Is this just a way of saying that no relations are absolute?


He most likely means that reasoners and databases that provide reasoning abilities do not scale. This makes sense, specially for OWL ontologies. For most OWL reasoners, if you feed them with the ontology and with a large set of instance data (class instances connected by edges that are labeled with properties defined in said ontology), it will likely take way more time than you would like to produce results (if it produces something).

The reason for that is twofold:

1. Many of tools created for reasoning are research-first tools. Some papers were published about the tool and it really was a petter and more scalable tool than anything before it. But every PhD student graduates and needs to find a job or move to the next hyped research area 2. Tools are designed under the assumption that the whole ontology, all the instance data and all results fit in main memory (RAM). This assumption is de-facto necessary for more powerful entailment regimes of OWL.

Reason 2 as a secondary sub-reason that OWL ontologies use URIs (actually IRIs), which are really inneficient identifiers compared to 32/64-bit integers. HDT is a format that fixes this inneficiency for RDF (and thus is applicable to ontologies) but since it came about nearly all reasoners where already abandoned as per reason #1 above.

Newer reasoners that actually scale quite a bit are RDFox [1] and VLog [2]. They use compact representations and try to be nice with the CPU cache and pipeline. However, they are limited to a single shared memory (even if NUMA).

There is a lot of mostly academic distributed reasoners designed to scale horizontally instead of vertically. These systems technically scale, but vertically scaling the centralized aforementioned systems will be more efficient. The intrinsic problem with distributing is that (i) it is hard to partition the input aiming at a fair distribution of work and (ii) inferred facts derived at one node often are evidence that multiple other nodes need to known.

loose from modern single-node However, the problem of computing all inferred edges from a knowledge graph involves a great deal of communication, since one inference found by one node is evidence required by another processing node.

[1]: https://www.oxfordsemantic.tech/product [2]: https://github.com/karmaresearch/vlog/


On a side note, I love the idea of researchers writing “articles” in this format. No paywall, no complex two-column format, no PDFs. As a researcher myself, I wish this is what my “productivity” was judged upon, I’d probably have a lot more fun and motivation to work and produce!


Didn't you hear? Having two columns makes it twice as sciencey.


>no complex two-column format,

Two columns is for the reader's benefit - your eyes can keep their place on the page much more easily when jumping half the distance to the beginning of the next line


Two columns makes inappropriate assumptions about the reader's choice of media. The aging publisher assumes everyone prefers paper. A reader attempting to scroll through the article on a tablet suffers.

We blew it, making a global effort to perfect fixed format technical typesetting rather than flowable text. Technical flowable text is just now becoming viable, and it is certainly not the norm for journal articles.

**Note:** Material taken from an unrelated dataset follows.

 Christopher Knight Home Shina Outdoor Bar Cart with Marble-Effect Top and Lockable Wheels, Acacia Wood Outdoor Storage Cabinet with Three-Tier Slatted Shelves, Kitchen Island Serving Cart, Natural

That's what they tell you.


Love to see that relationships (edges) are directional. I hate to see graph models where relationships are bi-directional as it loosens up data rules far too much with very little benefit.

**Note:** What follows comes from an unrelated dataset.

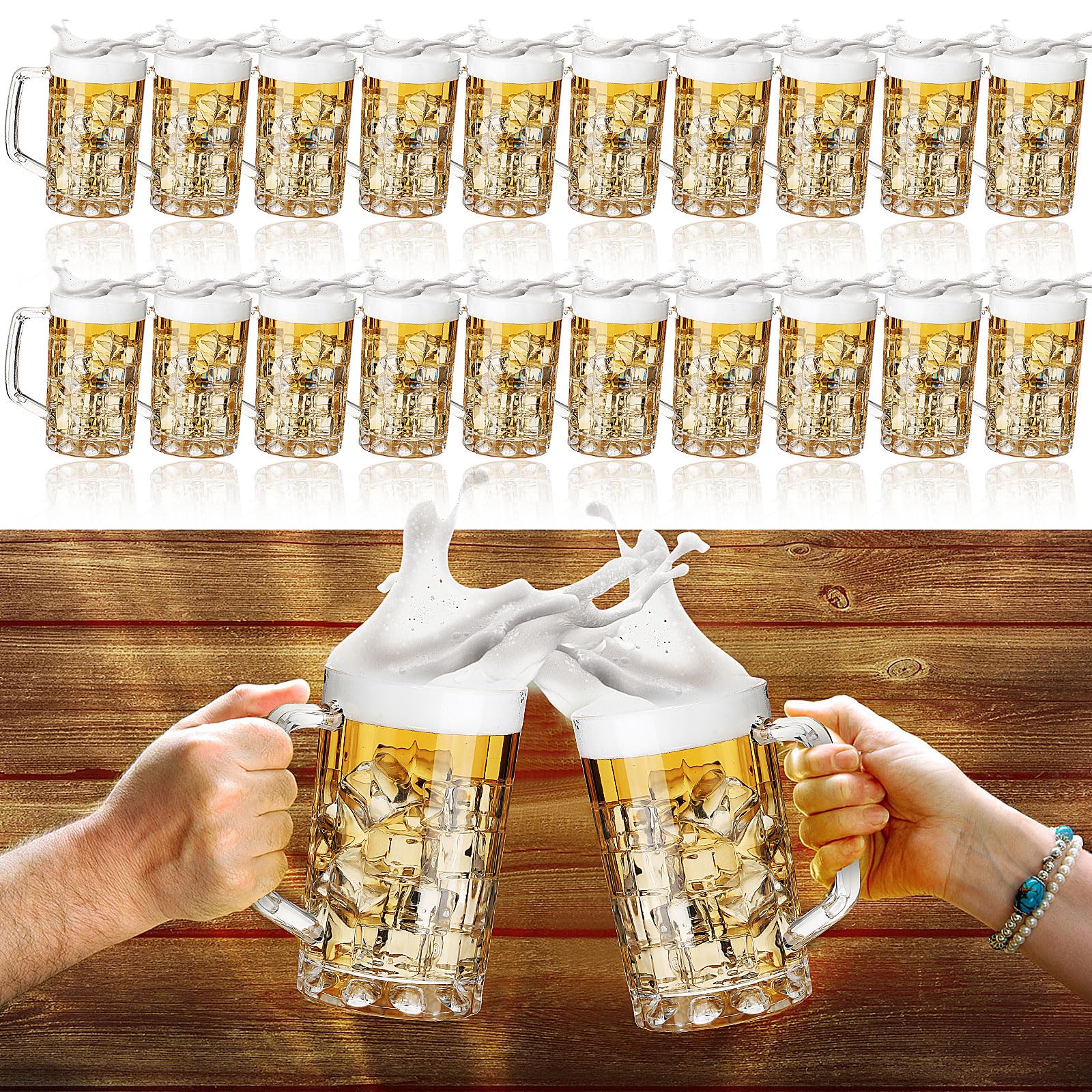 Mifoci 20 Pcs Plastic Beer Mugs with Handles 20oz Oktoberfest Beer Stein Bulk Reusable Drinking Cups Glasses for Bavarian Party Supplies Cocktail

I've worked with systems where the relationships are typed and can have attributes just like the vertices allowing the system to model data in a more intuitive fashion.


The definition seems faulty to me, since the pair (E: subset(N × N), f: E → L) does not admit of multiple edges with different labels, connecting the same ordered pair of nodes. Of course this is most often allowed in practical KG's.

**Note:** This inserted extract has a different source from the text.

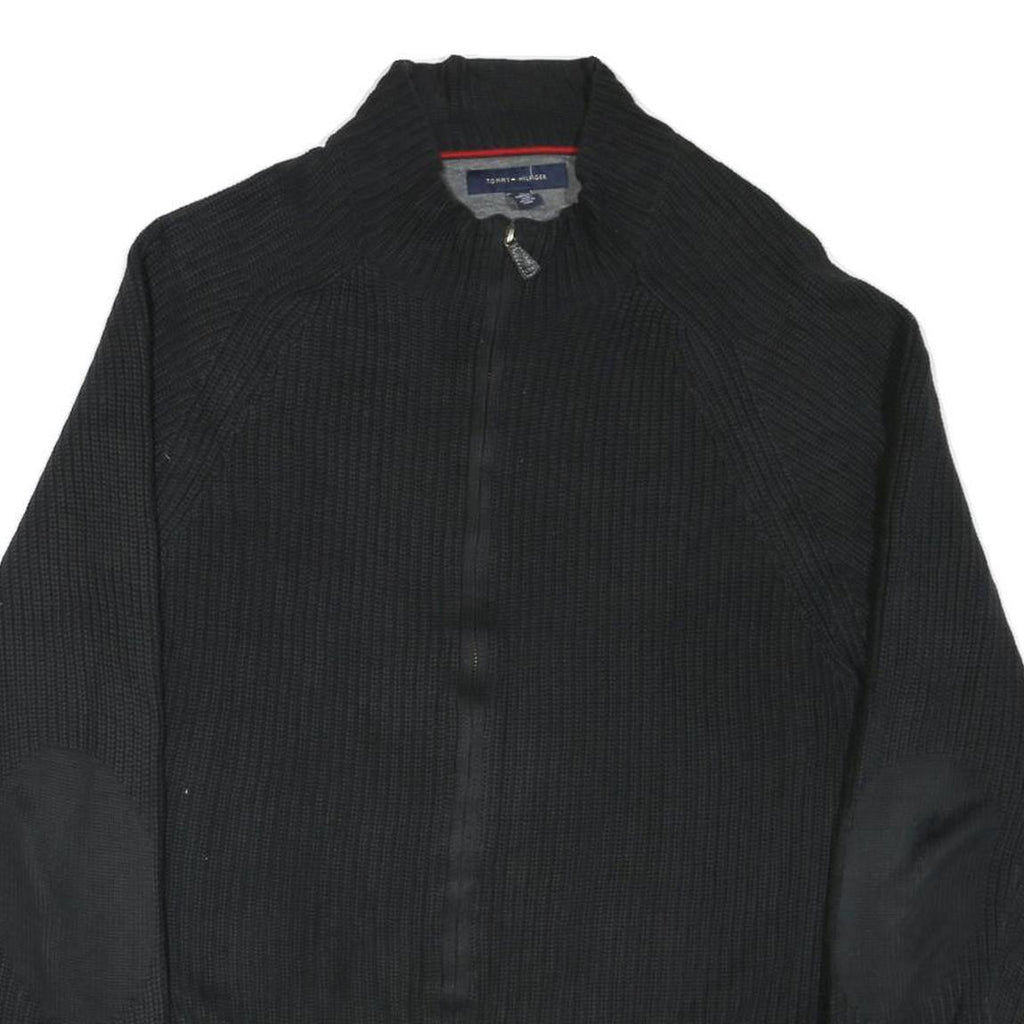 TOMMY HILFIGER Mens Black Heavy Knit Zip Up Jumper Crew Neck XL Cotton Blend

Yeah it's not ideal. Also with the current preference for category theory it would probably make more sense to not phrase E as a subset of NxN but rather to define two functions pre: E -> N and post: E -> N.

You could then choose to add labels as either an additional function label: E -> L, or as several graphs layered on top of one another (especially helpful when you view each graph as an arrow N -> N, which in turn makes more sense when you have several different classes of nodes).

If anyone's interested I'm loosely basing this description on the description of petri nets as outlined in Tai-Danae Bradley's interesting (and readable) Applied Category Theory: https://arxiv.org/pdf/1809.05923.pdf


Indeed multiple edges (with different labels) are quite useful, particularly when you want to represent RDF graphs. But since there is no restriction on the form of L, you can still represent those by, e.g., letting L be a set of sets of IRIs, and thus labelling your edges with sets of IRIs, which you then interpret as a set of RDF triples (i.e., as a set of edges).


Slightly off-topic, does anyone recommend any open-source ANSI C implementations of knowledge graphs/graph databases? I had toyed around a bit with Neo4J and am interested in something in a language I'm more familiar with.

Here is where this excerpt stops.